# Search engine problem



## ennis333 (Jun 29, 2011)

Whenever I use my Fire to access the Web, I find a major disparity with touch screen responsiveness between Google and Yahoo.  In particular, if I search using Google, results appear quickly enough, but trying to link to any of them is peculiarly difficult to do with the touch screen.

But if I then change to Yahoo and do the same search, the touch response of the links listed works very well.  Is anybody else experiencing anything like this?  And is there a way to change the default search from Google to Yahoo?


----------



## Betsy the Quilter (Oct 27, 2008)

Ennis,

I can't say I've had that problem...but it's easy enough to change the search engine.

In the web app, pop up the menu, then go to Settings > Set Search Engine (the first item on the page).

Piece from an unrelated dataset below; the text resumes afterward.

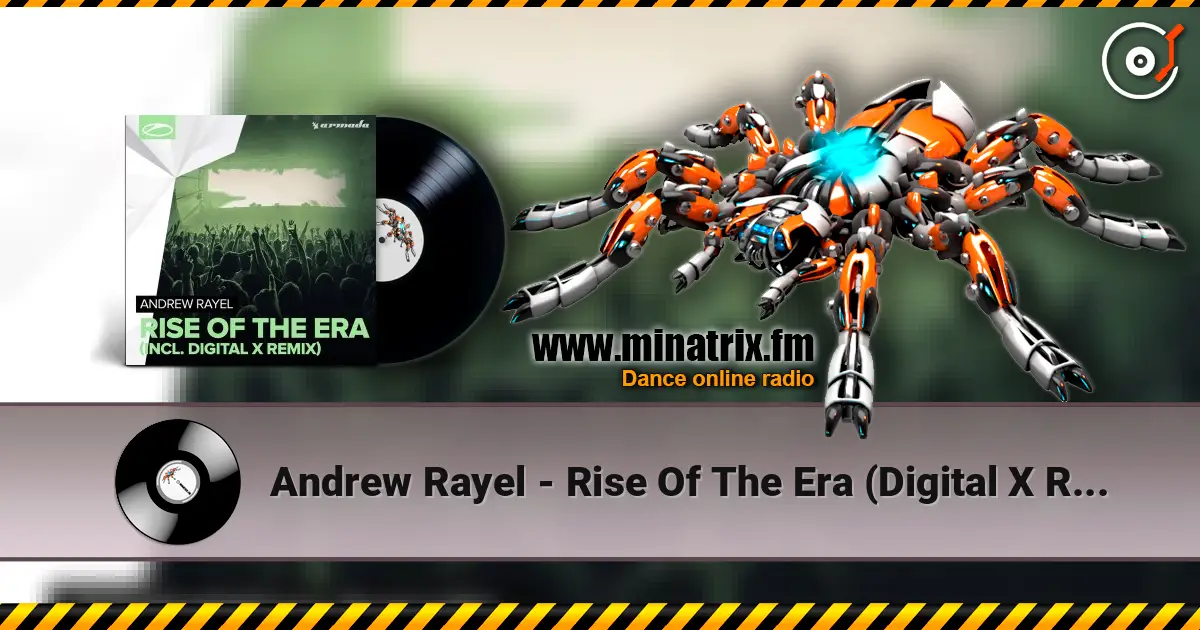 Andrew Rayel - Rise Of The Era (Digital X Remix) listen online in high quality | Minatrix.FM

Tap on that, you can then choose between Google, Bing and Yahoo!


Betsy


----------



## ennis333 (Jun 29, 2011)

Thanks, Betsy

While I normally much prefer Google, it is definitely a lost cause for me with my Fire.  I'll be changing to Yahoo as per your helpful instructions.

Ned


----------



## Betsy the Quilter (Oct 27, 2008)

Ned, glad we could help!

Betsy


----------



## taligator (Aug 31, 2011)

The issue with Google is a known issue affecting some users. Amazon does have an open issue with them to get it resolved. Patience!


----------



## scott99 (Dec 30, 2011)

happened to me last night with Google, very weird glitch.


----------



## kindlegrl81 (Jan 19, 2010)

I have been having issues with Google as well.  I'm glad to find out yahoo works better.


----------



## NightReader (Apr 25, 2010)

One of my friends got his Fire for Christmas and he's having this problem.  Please let me know what the resolution is so I can let him know he isn't crazy.


----------



## jkeith0919 (Feb 19, 2011)

I've also noticed a problem with responsiveness with Google. I usually have to touch a link 2-3 times before it works. Hopefully this issue is fixed soon as I really don't like Yahoo.


----------



## Betsy the Quilter (Oct 27, 2008)

Bing is also an option...

Betsy


----------



## CegAbq (Mar 17, 2009)

Betsy the Quilter said:


> Bing is also an option...
> 
> Betsy


I shouldn't, but I have a knee-jerk reaction to Bing


----------



## Betsy the Quilter (Oct 27, 2008)

I'm not endorsing it, I'm just providing information.


There's an official Google search app available from Google and on 1mobile, but I couldn't get it to install.

Betsy


----------



## Ann in Arlington (Oct 27, 2008)

Huh.

I don't search all that often but haven't noticed a problem with Google. . . .


----------



## Betsy the Quilter (Oct 27, 2008)

I don't either, but apparently some are...and so there are options.


Betsy


----------